Aim of the task:
Copy the lines below exactly, starting at the one with "Leinwandbilder a mesmerizing" and ending at the one with "Vintage Retro Floral", and leave out any picture.

Data for processing:
··········
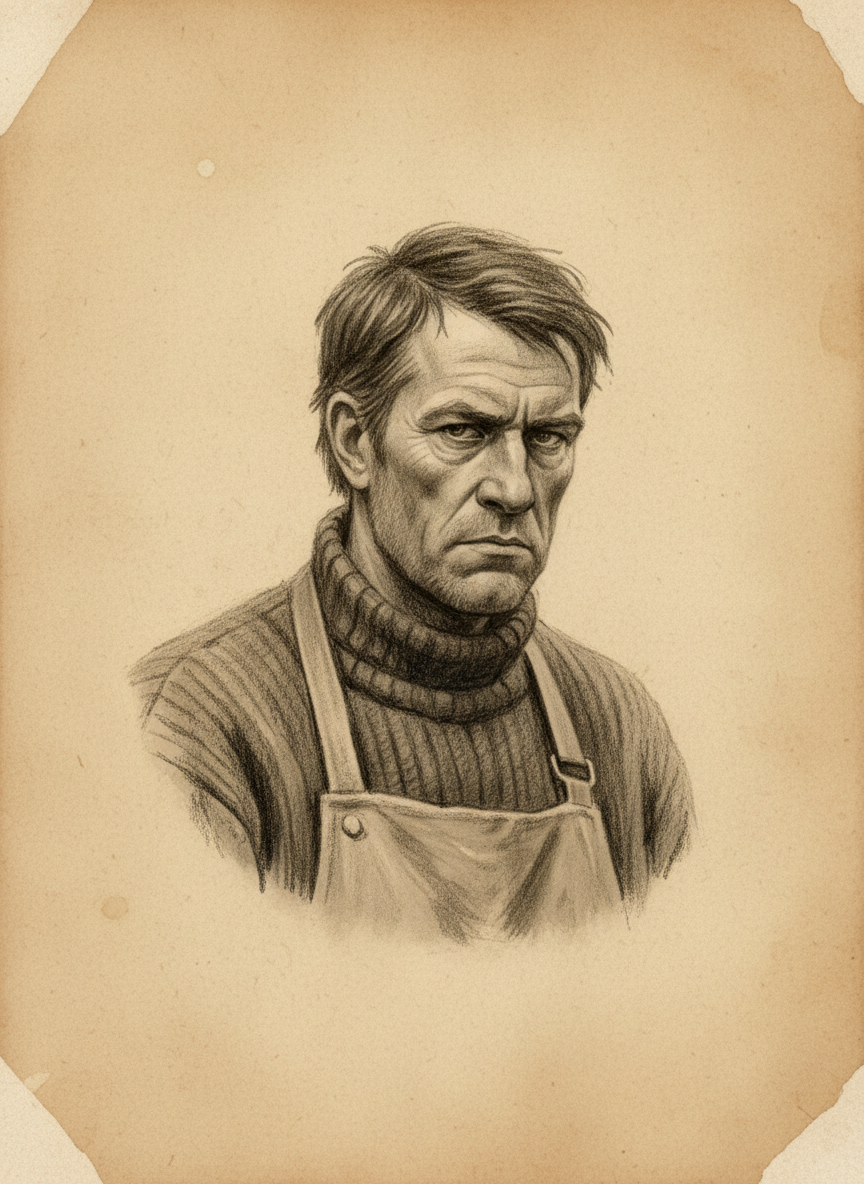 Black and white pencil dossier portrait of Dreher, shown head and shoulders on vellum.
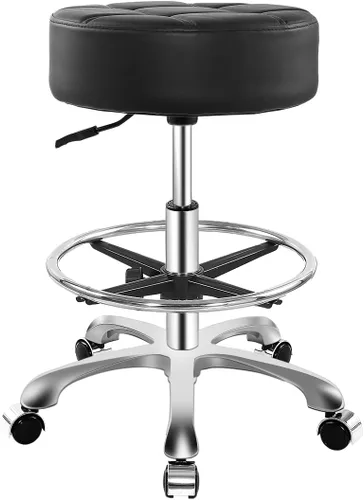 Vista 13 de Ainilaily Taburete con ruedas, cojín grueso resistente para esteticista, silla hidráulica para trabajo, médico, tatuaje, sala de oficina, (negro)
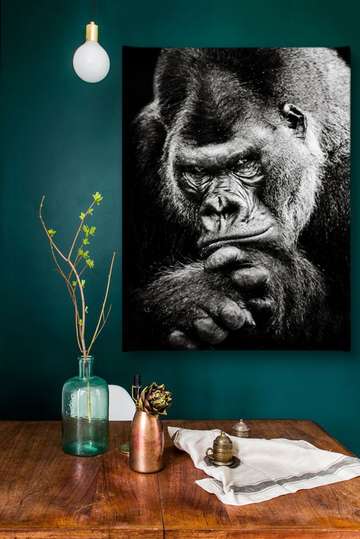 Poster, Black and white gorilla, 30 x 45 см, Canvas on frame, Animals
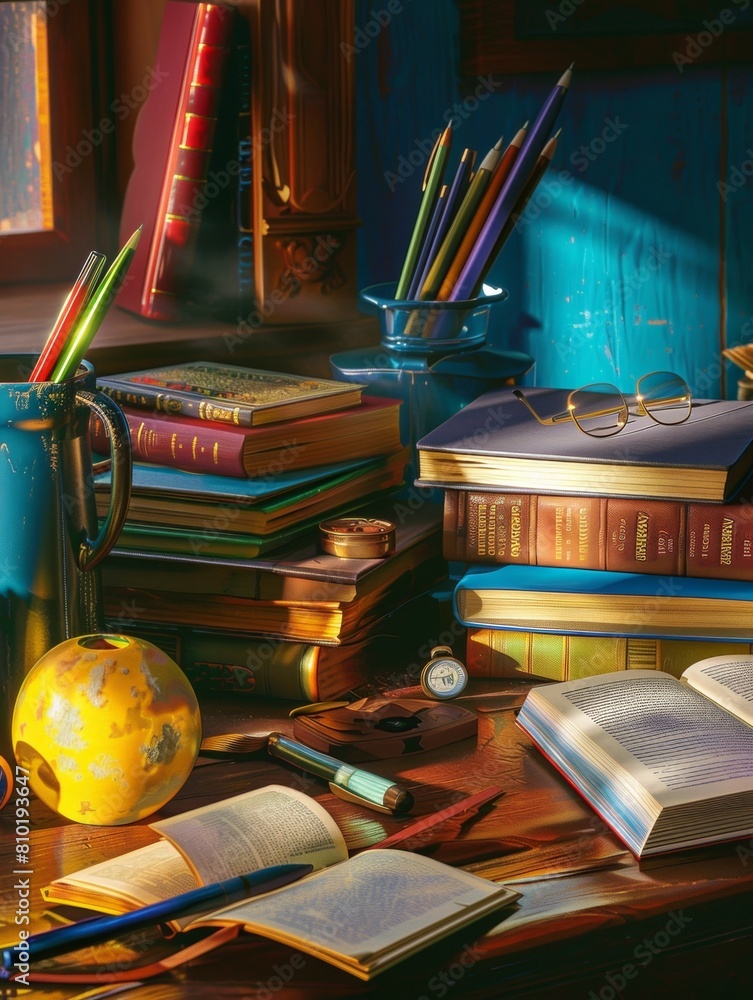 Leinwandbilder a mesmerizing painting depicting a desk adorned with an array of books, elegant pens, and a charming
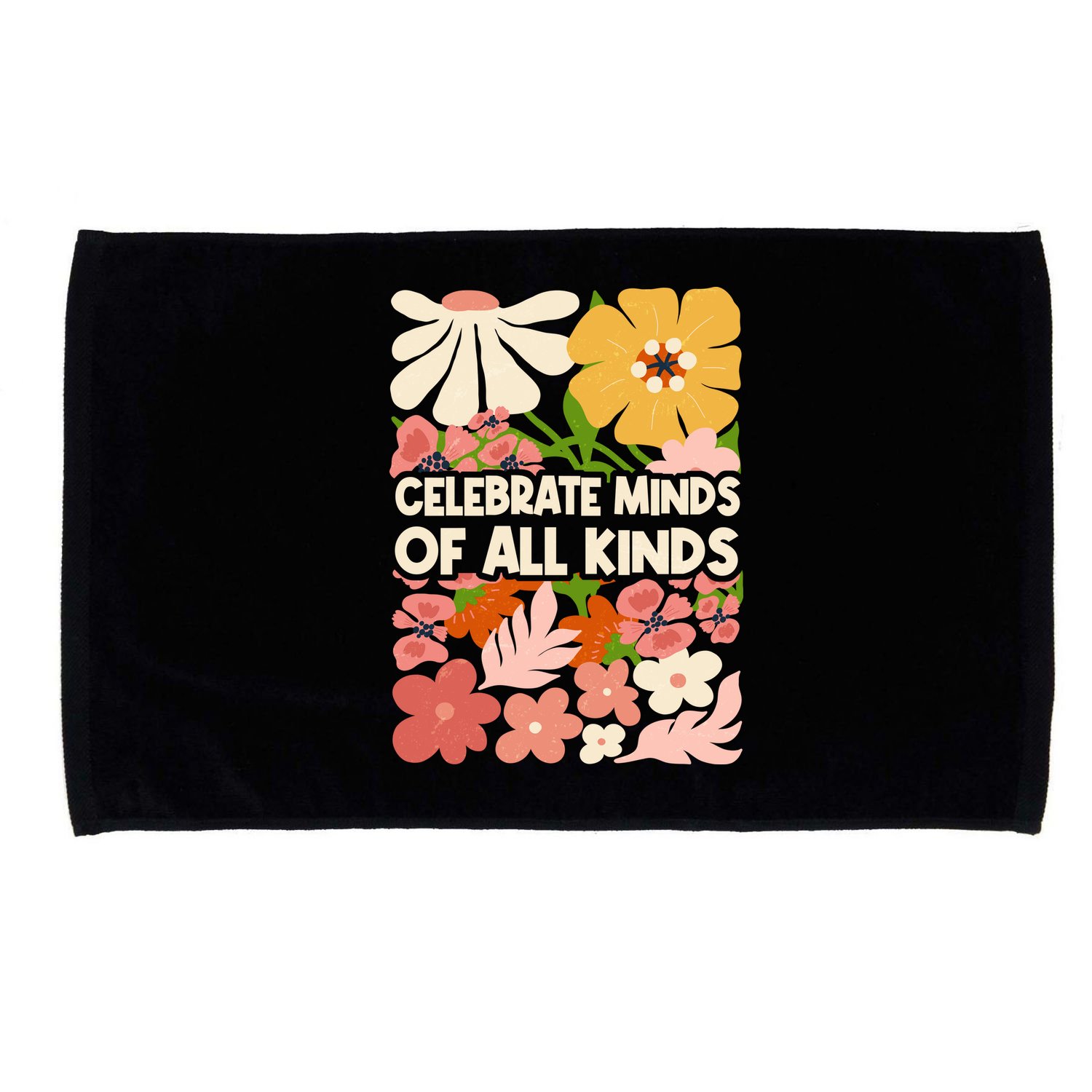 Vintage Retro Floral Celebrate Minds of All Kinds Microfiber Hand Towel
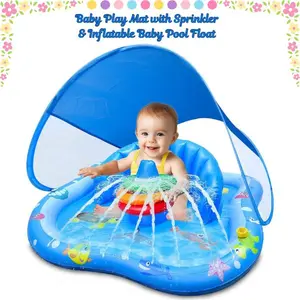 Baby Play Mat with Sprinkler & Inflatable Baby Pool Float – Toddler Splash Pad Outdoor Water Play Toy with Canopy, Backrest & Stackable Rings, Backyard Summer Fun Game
··········
Response to this task:
 Leinwandbilder a mesmerizing painting depicting a desk adorned with an array of books, elegant pens, and a charming
 Vintage Retro Floral Celebrate Minds of All Kinds Microfiber Hand Towel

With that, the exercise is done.